The records follow. Transcribe only the lines from the line containing "农村信用社app登不上去" through the end, both ends included, and leave out the pictures.
★ ★ ★ ★ ★
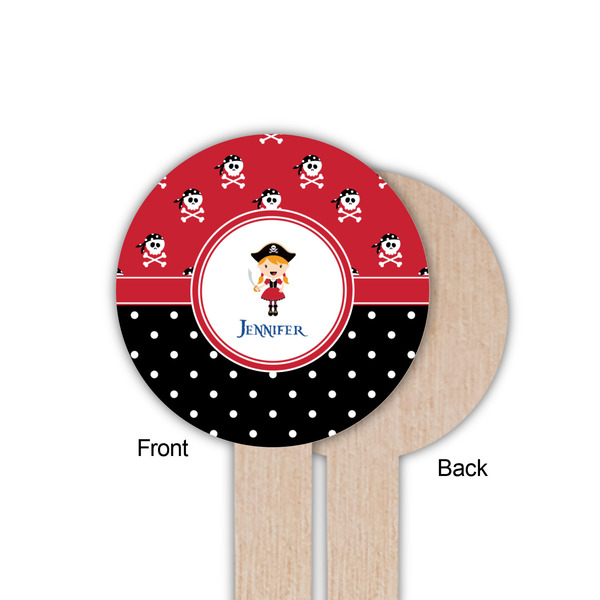 Girl's Pirate & Dots Wooden 6" Food Pick - Round - Single Sided - Front & Back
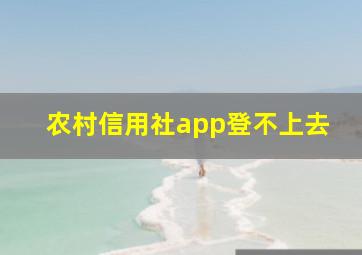 农村信用社app登不上去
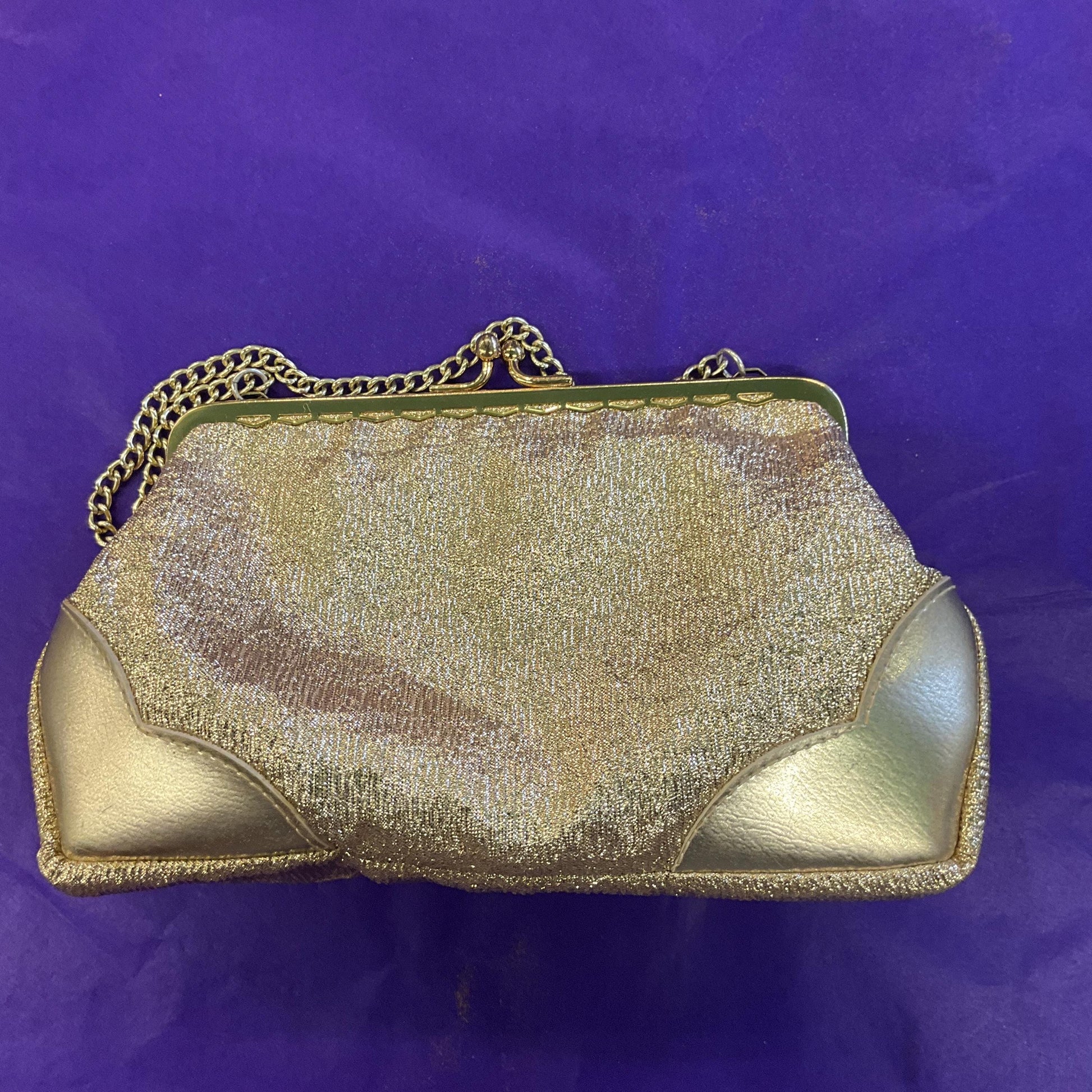 Vintage Swinging Sixties Gold Lurex and Faux Leather clutch Bag/ Cocktail Bag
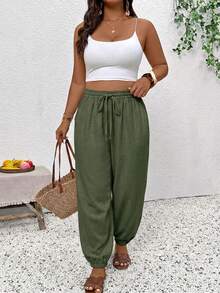 SHEIN Frenchy Plus Size Casual Solid Color Ruched Hem Pants - Green - View 6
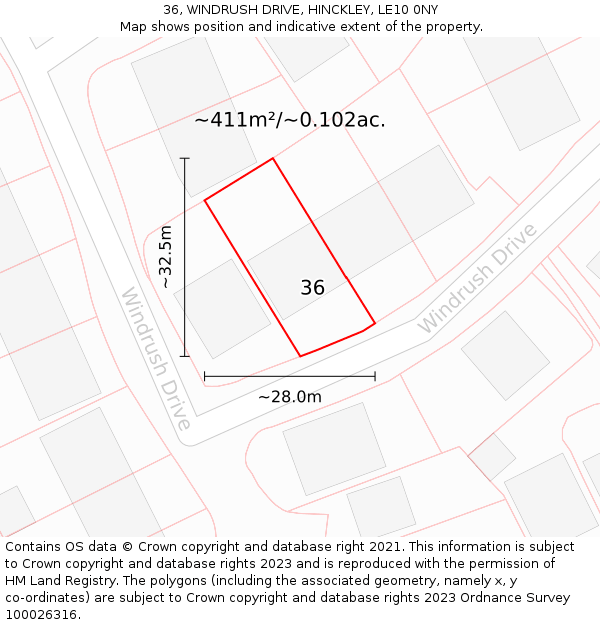 36, WINDRUSH DRIVE, HINCKLEY, LE10 0NY: Plot and title map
★ ★ ★ ★ ★
- [SOLUTION TO THE EXERCISE]:
 农村信用社app登不上去
 Vintage Swinging Sixties Gold Lurex and Faux Leather clutch Bag/ Cocktail Bag
 SHEIN Frenchy Plus Size Casual Solid Color Ruched Hem Pants - Green - View 6
 36, WINDRUSH DRIVE, HINCKLEY, LE10 0NY: Plot and title map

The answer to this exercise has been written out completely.